(WHAT YOU ARE ASKED TO DO) When the line containing "When the shutter" appears in the data below, begin copying there and stop only after the line containing "Step 3. Place".

(MATERIAL SHOWN)
____

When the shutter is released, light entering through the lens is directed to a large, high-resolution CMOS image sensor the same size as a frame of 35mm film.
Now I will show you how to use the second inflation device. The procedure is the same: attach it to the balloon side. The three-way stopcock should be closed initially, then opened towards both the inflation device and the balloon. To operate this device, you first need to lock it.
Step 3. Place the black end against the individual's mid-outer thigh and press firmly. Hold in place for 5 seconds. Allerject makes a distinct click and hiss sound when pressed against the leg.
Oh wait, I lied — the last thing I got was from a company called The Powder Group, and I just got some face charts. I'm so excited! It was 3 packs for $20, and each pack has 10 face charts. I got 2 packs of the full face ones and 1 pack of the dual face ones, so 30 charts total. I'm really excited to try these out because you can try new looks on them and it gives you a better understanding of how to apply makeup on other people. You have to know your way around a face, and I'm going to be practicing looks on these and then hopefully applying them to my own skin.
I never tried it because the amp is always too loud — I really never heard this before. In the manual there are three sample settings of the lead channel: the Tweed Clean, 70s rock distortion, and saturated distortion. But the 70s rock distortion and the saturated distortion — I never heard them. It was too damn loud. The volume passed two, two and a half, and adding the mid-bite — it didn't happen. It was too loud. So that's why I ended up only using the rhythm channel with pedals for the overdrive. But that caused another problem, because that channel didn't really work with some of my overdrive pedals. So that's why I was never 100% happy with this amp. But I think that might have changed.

____

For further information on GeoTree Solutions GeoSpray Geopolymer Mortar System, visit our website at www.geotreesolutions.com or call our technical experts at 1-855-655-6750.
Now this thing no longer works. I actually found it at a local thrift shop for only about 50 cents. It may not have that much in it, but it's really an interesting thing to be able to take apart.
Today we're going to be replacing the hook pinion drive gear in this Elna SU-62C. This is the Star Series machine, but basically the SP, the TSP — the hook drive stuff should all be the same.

____

(REPLY TO THE TASK)
When the shutter is released, light entering through the lens is directed to a large, high-resolution CMOS image sensor the same size as a frame of 35mm film.
Now I will show you how to use the second inflation device. The procedure is the same: attach it to the balloon side. The three-way stopcock should be closed initially, then opened towards both the inflation device and the balloon. To operate this device, you first need to lock it.
Step 3. Place the black end against the individual's mid-outer thigh and press firmly. Hold in place for 5 seconds. Allerject makes a distinct click and hiss sound when pressed against the leg.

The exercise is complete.